Blood warmed she leans forward removes her jacket and picks up a spoon. She presses her spoon into the peeled pear, stops for a second and tries again while saying ''Disgust is more important to some people than enjoyment''. For 45 minutes we sat in silence as she eat that pear.
I stare at the white camellias printed on her black dress and listen to the faint wailing sound of a baby crying from outside, thinking to myself that self doubt is the least funny joke I've ever told. I hate feeling like this, like the end is a beautiful thing. I'm grateful she knows at times I can be a bastard.

Bluehound
04-01-2011, 04:31 PM
I feel like I have walked into a room unnoticed and watched a real conversation between two people. I find them fascinating and like watching them but I haven't got a clue what they are talking about.
I guess what I am saying is - that I like this and want to find out more about these people.

lemoniain
04-01-2011, 05:52 PM
Thanks Bluehound, it's good you were able to feel like you were in that room but I'm sorry I left you wanting more. Other than a dozen online blogs this is the first piece of writing I've done so it's a little all over the place, probably got a tad overexcited. But I had fun writing it and that's why I'm here.

Delta40
04-01-2011, 05:59 PM
I suggest you write more because I definitely felt the atmosphere of the piece. Watch out for grammatical errors and the change in tense.

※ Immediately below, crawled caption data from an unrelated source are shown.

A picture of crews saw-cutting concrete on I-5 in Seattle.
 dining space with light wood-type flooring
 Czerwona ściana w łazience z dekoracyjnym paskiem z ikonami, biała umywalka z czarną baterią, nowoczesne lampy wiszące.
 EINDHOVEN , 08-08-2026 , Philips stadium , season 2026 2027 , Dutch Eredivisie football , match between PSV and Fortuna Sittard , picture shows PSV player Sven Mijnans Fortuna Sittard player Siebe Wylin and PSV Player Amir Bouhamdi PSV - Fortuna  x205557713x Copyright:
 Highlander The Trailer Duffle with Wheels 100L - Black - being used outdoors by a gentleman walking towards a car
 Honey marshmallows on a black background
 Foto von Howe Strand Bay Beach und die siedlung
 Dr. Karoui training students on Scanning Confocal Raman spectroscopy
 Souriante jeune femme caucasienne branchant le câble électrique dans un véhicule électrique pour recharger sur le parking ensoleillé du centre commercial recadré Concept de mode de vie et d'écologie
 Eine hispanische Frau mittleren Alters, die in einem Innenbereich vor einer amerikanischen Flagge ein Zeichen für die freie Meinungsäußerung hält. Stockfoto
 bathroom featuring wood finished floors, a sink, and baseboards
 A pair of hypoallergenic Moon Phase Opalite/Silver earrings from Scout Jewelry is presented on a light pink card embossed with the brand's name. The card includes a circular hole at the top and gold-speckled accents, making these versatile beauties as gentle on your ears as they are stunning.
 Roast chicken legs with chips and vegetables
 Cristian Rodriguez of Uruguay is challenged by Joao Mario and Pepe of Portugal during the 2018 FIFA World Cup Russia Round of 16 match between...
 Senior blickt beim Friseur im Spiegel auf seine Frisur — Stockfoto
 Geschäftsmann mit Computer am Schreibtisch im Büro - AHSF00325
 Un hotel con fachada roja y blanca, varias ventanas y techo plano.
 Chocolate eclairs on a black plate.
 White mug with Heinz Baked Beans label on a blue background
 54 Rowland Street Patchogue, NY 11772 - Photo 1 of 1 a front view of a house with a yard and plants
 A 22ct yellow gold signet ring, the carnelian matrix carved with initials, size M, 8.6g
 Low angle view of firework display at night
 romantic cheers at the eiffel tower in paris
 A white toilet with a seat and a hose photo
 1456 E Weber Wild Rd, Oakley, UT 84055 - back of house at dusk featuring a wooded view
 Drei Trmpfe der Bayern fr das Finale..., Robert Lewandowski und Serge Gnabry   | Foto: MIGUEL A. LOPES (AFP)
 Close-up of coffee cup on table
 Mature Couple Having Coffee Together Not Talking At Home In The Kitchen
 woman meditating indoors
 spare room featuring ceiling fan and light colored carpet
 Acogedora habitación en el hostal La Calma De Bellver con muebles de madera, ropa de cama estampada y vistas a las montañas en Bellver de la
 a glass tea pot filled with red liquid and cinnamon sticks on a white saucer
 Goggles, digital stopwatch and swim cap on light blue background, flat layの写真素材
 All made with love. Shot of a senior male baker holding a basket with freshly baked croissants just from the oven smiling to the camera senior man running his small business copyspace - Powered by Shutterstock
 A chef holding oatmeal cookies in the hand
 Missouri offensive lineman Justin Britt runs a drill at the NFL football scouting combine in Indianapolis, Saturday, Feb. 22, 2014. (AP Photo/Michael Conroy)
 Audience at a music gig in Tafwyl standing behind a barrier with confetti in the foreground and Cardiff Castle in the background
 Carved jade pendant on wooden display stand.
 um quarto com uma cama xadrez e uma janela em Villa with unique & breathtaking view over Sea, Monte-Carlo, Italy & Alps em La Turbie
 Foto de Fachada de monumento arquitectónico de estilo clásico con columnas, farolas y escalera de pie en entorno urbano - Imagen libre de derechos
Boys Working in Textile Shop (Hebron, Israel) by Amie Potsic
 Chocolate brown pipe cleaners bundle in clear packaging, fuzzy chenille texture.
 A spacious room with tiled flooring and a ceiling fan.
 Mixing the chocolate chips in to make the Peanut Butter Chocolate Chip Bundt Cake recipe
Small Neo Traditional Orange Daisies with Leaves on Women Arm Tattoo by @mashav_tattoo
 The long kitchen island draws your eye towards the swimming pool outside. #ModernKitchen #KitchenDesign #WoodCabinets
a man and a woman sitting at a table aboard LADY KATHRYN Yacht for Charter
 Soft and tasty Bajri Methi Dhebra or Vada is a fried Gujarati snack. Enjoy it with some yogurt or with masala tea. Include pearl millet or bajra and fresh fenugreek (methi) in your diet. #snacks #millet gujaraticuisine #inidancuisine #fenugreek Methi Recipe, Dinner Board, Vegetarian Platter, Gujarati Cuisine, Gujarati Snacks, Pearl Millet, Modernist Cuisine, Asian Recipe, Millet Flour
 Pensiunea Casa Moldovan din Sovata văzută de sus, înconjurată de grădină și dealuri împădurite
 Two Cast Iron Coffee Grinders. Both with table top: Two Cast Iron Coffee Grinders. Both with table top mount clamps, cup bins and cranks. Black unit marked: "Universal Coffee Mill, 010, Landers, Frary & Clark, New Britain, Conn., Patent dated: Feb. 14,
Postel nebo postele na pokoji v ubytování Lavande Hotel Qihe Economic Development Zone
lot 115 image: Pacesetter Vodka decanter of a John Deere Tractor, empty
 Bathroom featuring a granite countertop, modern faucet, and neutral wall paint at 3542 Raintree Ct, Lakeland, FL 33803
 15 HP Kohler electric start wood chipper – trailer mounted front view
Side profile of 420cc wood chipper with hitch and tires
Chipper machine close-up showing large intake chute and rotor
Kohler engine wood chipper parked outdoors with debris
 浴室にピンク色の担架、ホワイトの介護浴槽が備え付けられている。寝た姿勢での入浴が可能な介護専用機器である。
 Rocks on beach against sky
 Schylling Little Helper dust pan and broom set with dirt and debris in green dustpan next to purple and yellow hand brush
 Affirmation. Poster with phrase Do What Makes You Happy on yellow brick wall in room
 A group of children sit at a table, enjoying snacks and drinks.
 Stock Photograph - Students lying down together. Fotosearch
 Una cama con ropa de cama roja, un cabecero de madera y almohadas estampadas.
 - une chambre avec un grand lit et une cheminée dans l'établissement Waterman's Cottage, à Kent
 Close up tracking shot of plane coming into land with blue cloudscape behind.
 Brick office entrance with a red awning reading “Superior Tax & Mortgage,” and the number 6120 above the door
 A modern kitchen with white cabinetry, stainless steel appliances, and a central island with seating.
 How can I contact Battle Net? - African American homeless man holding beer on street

You went from the present to the past with: For 45 minutes we sat in silence as she eat that pear.

lemoniain
04-02-2011, 11:05 AM
Delta40 when I have a couple hours to spare I'll write again, thank you for the encouragement. I read My Parasitic Twin the night I joined the forum and thought it was excellent. You'll have to forgive my errors as English was never my strongest subject but I do appreciate you highlighting the error as I wouldn't have spotted it.